======== Supplied records ========

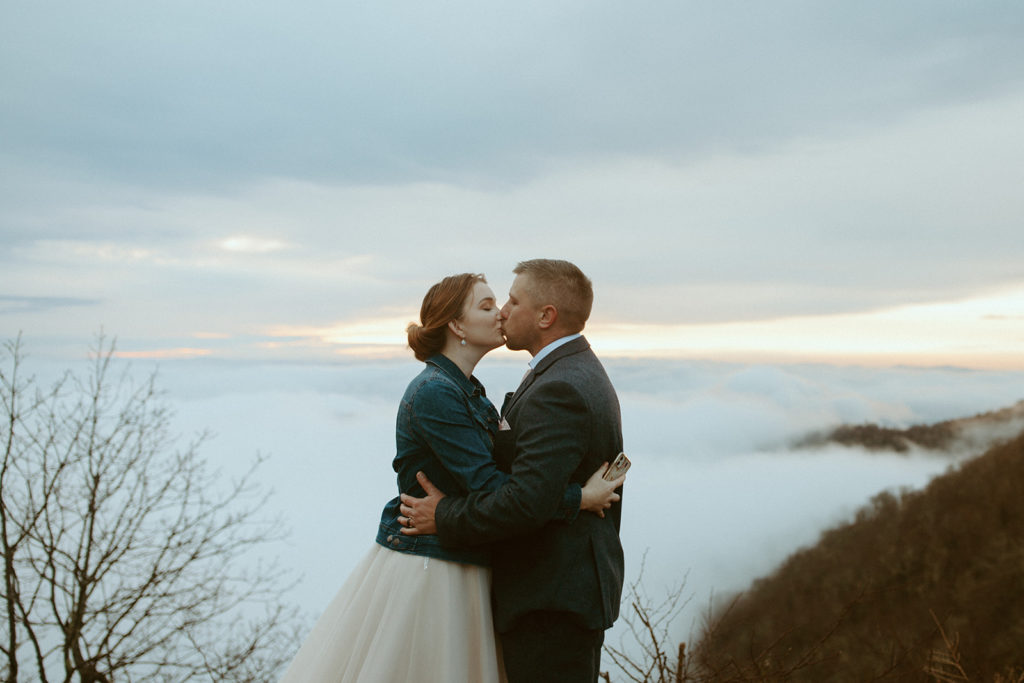 husband and wife kissing on top of a mountain during sunrise with cloud inversions in the background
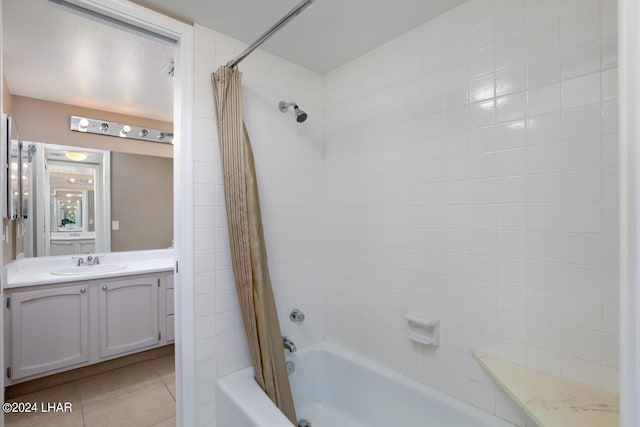 bathroom featuring shower / bath combination with curtain, vanity, and tile patterned flooring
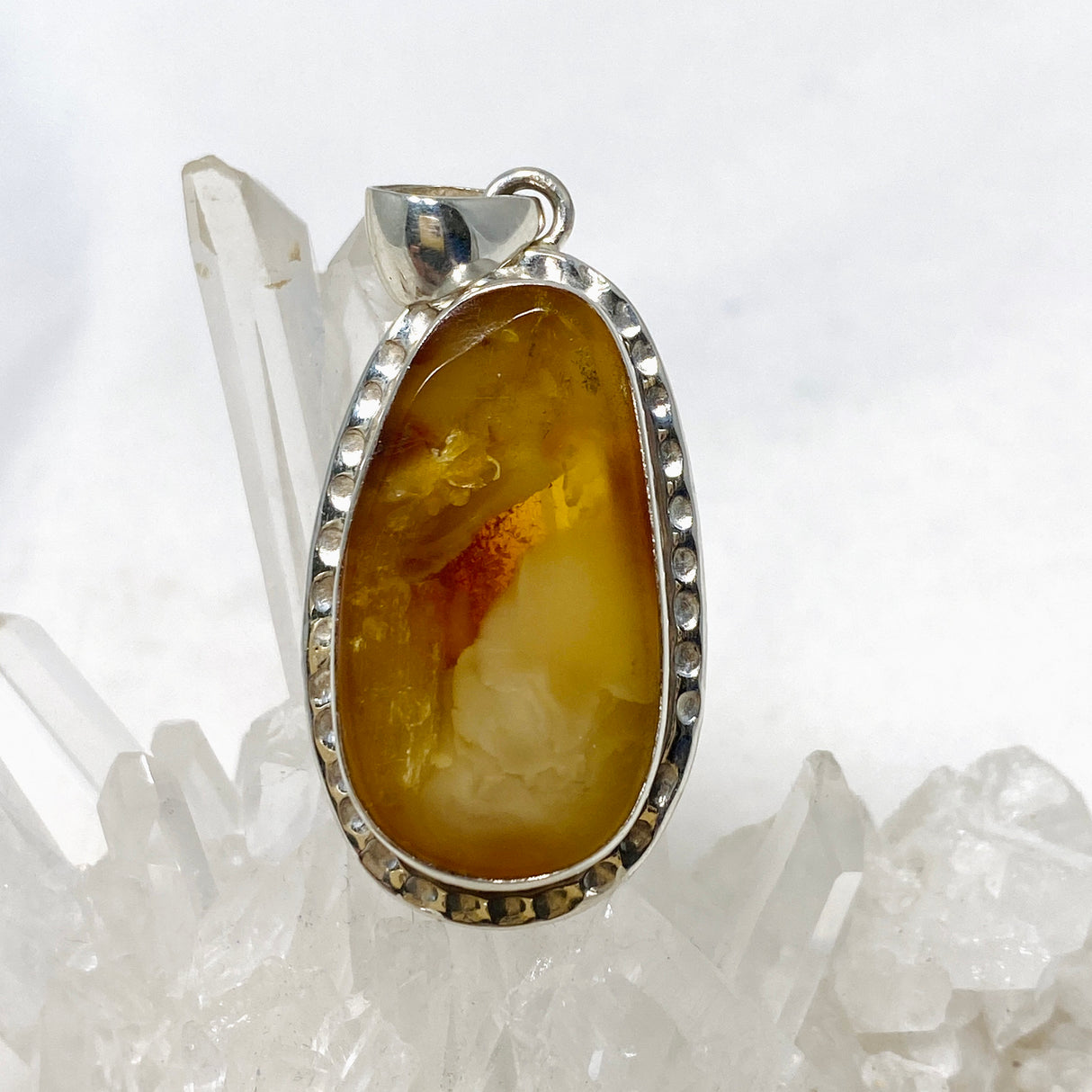 Natural Amber Teardrop Pendant in a Hammered Setting KPGJ4340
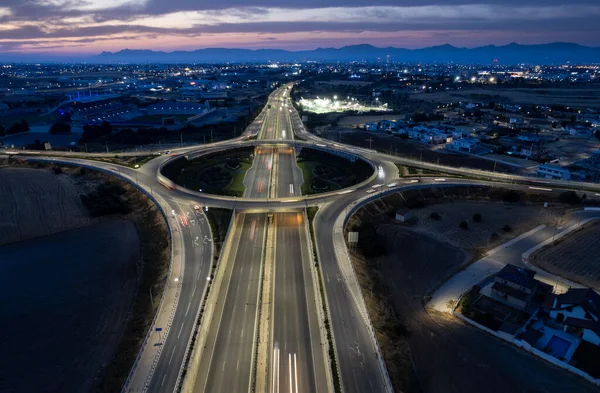 Aerial drone view of highway junction. Roundabout cars moving fast. Transportation infrastructure — 스톡 사진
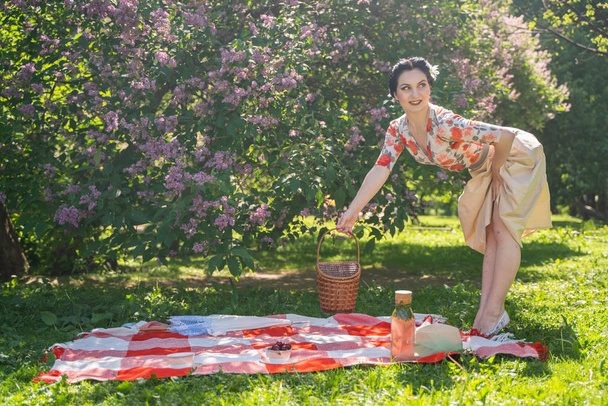 魅力的なブルネットの若い女の子は、一人で緑の夏の草の上に休息とピクニックを楽しんでいます。かわいい女性は休日を持っており、自然に空き地を過ごす. - 写真・画像
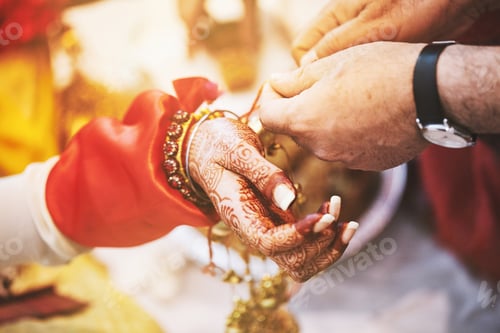 Preview: Men ties the holy thread on the wrist of indian bride during puja (pooja) belief to protect her from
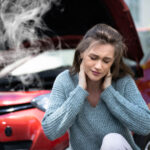 Women holding her neck in pain after a car accident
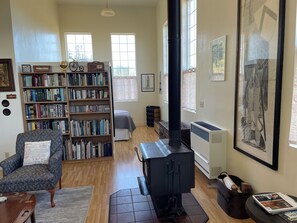 Un salon chaleureux avec une cheminée, des étagères à livres, un fauteuil confortable et une grande fenêtre laissant entrer la lumière naturelle.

========

→ Problem statement
Omit the pictures, then copy out all the data exactly as it stands.

→ Solution
 husband and wife kissing on top of a mountain during sunrise with cloud inversions in the background
 bathroom featuring shower / bath combination with curtain, vanity, and tile patterned flooring
 Natural Amber Teardrop Pendant in a Hammered Setting KPGJ4340
 Aerial drone view of highway junction. Roundabout cars moving fast. Transportation infrastructure — 스톡 사진
 魅力的なブルネットの若い女の子は、一人で緑の夏の草の上に休息とピクニックを楽しんでいます。かわいい女性は休日を持っており、自然に空き地を過ごす. - 写真・画像
 Preview: Men ties the holy thread on the wrist of indian bride during puja (pooja) belief to protect her from
 Women holding her neck in pain after a car accident
 Un salon chaleureux avec une cheminée, des étagères à livres, un fauteuil confortable et une grande fenêtre laissant entrer la lumière naturelle.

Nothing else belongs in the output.